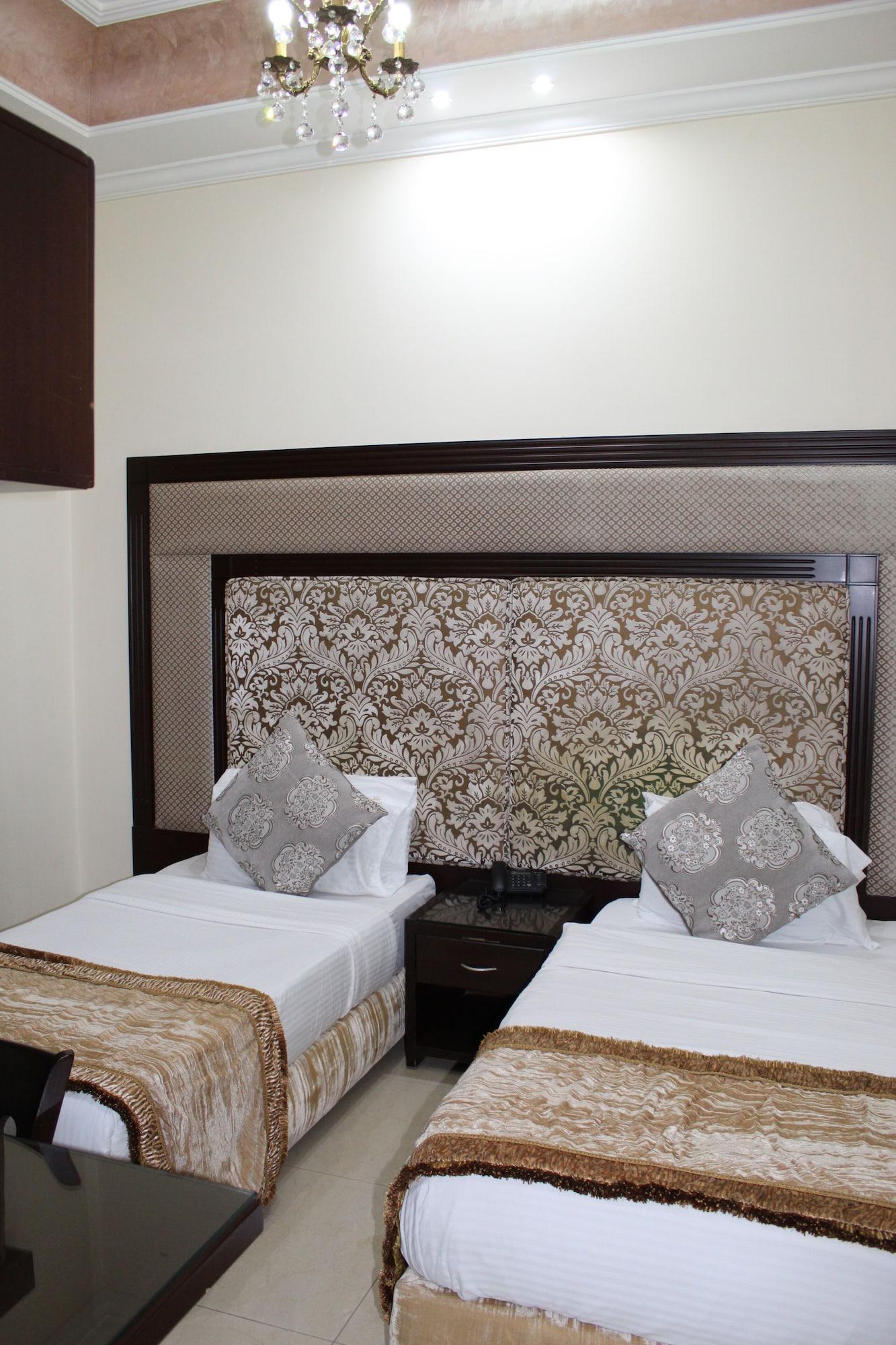 Queens Hotel 3*
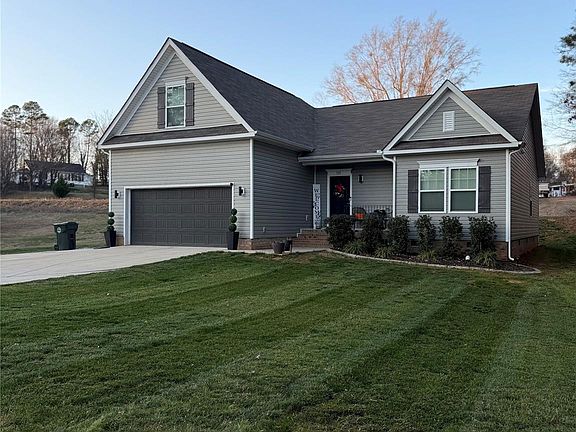 2nd image of 115 Stoney Ln
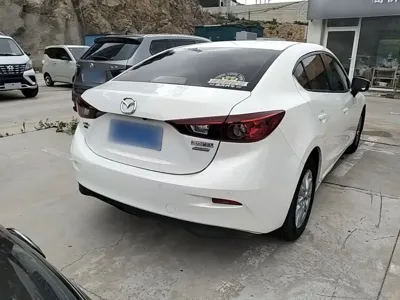 Mazda 3 Axela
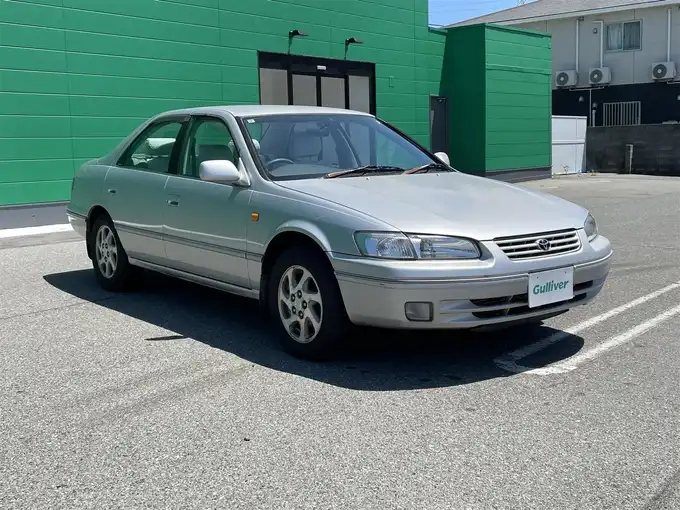新着情報“カムリグラシアセダン2．2”1997年式シルバーM入荷しました！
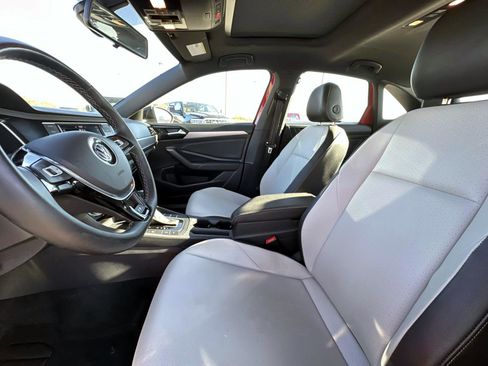 Used 2021 Volkswagen Jetta R-Line image 22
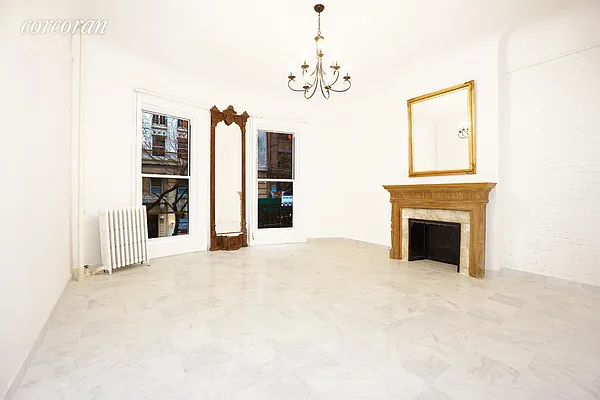 Rented by Corcoran | media 23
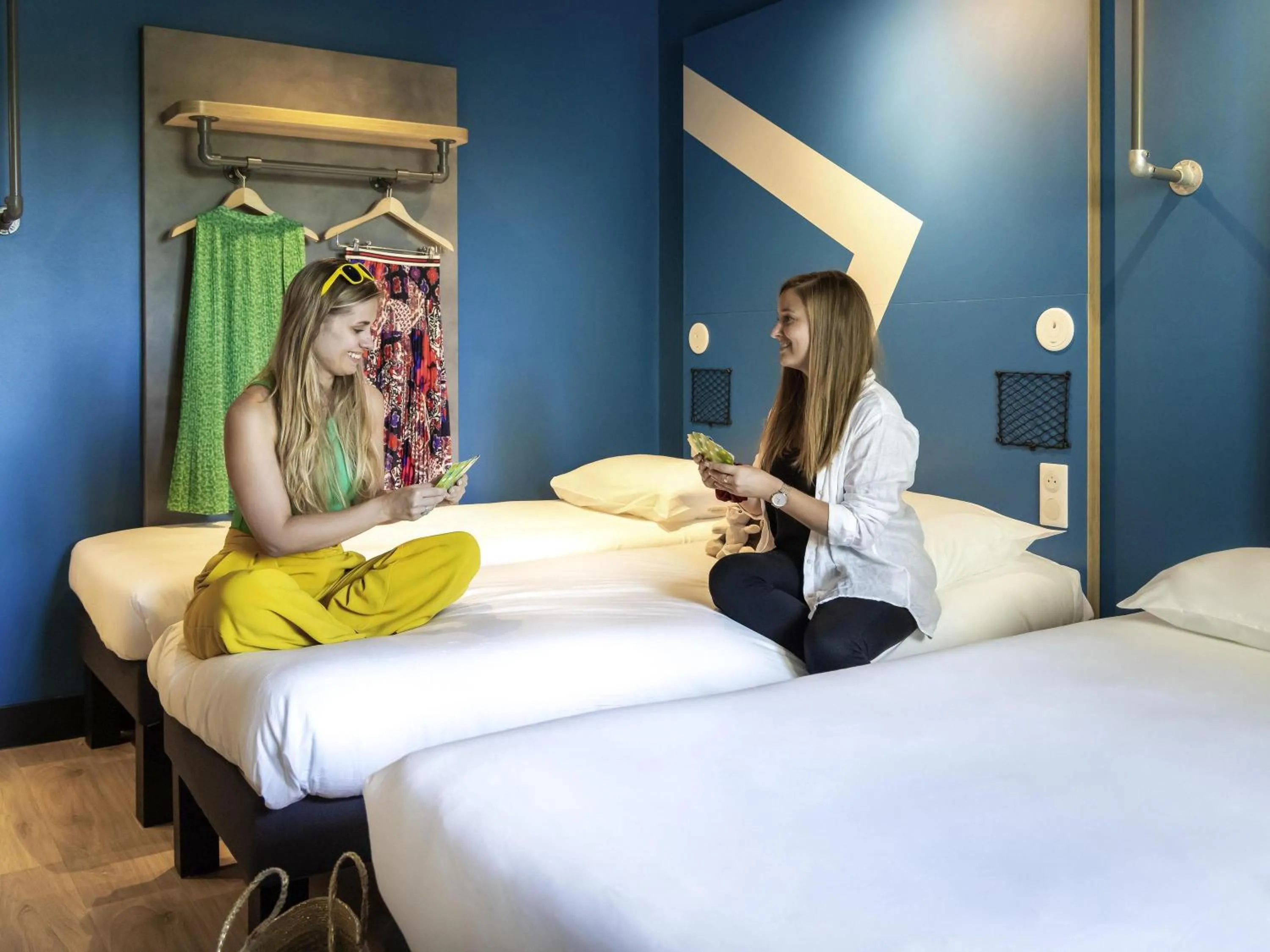 Bedroom, Bed in ibis Budget La Rochelle Centre gare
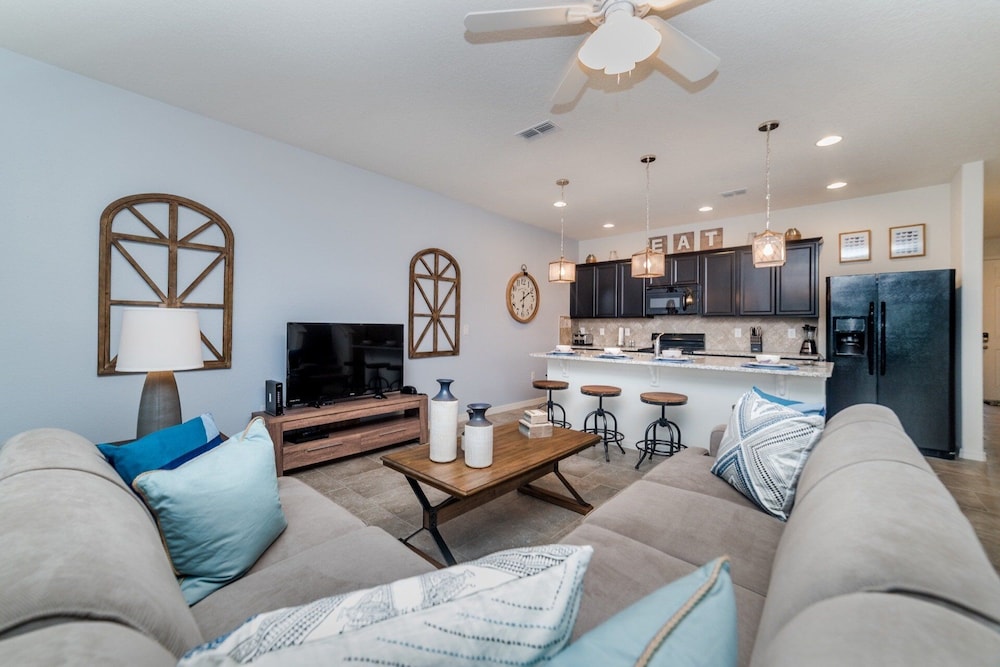 4711 Terrasonesta — 4-Star Luxury Hotel in Davenport, United States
================================
Word for word, output the lines from the line bearing "Used 2021 Volkswagen Jetta R-Line image 22" through the end of the records above, and only those, without the pictures.

 Used 2021 Volkswagen Jetta R-Line image 22
 Rented by Corcoran | media 23
 Bedroom, Bed in ibis Budget La Rochelle Centre gare
 4711 Terrasonesta — 4-Star Luxury Hotel in Davenport, United States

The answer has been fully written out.